- **Description of the task**
The material below contains a line with "Neutral-toned room featuring" and a line with "Aerial view showing". Copy exactly those two lines and all lines between them.

- **Recorded data**
########
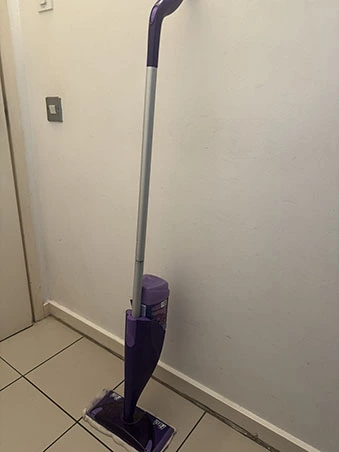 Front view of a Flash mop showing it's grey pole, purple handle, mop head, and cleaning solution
########
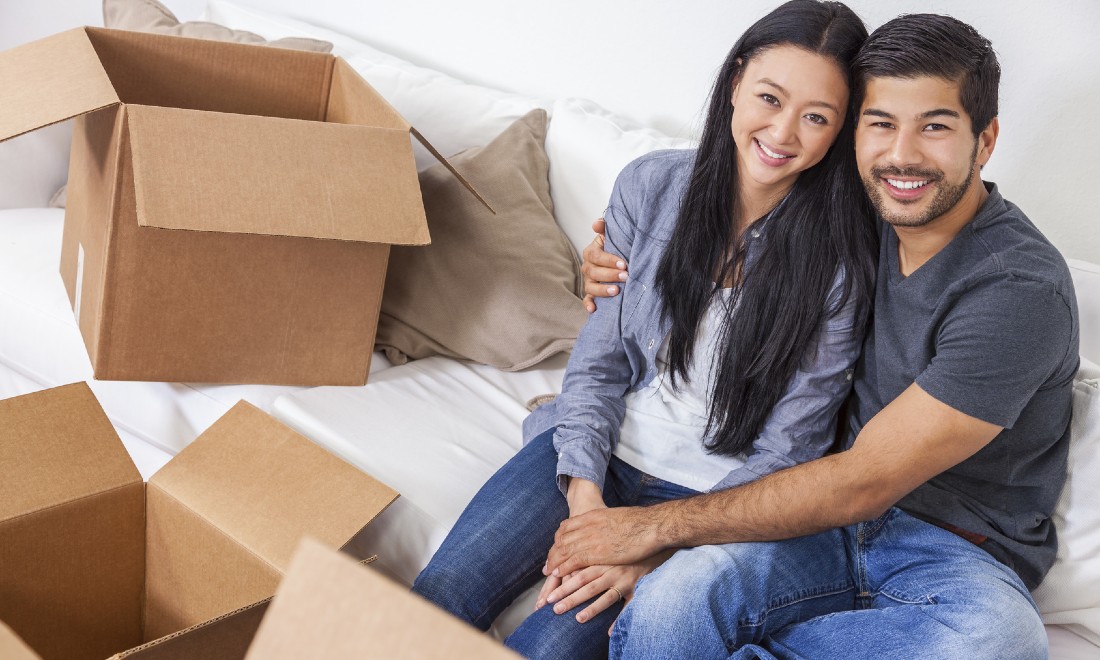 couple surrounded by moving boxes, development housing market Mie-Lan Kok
########
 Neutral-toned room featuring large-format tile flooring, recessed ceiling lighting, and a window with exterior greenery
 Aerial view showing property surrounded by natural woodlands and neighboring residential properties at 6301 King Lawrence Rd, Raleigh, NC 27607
########
- **Solution**
 Neutral-toned room featuring large-format tile flooring, recessed ceiling lighting, and a window with exterior greenery
 Aerial view showing property surrounded by natural woodlands and neighboring residential properties at 6301 King Lawrence Rd, Raleigh, NC 27607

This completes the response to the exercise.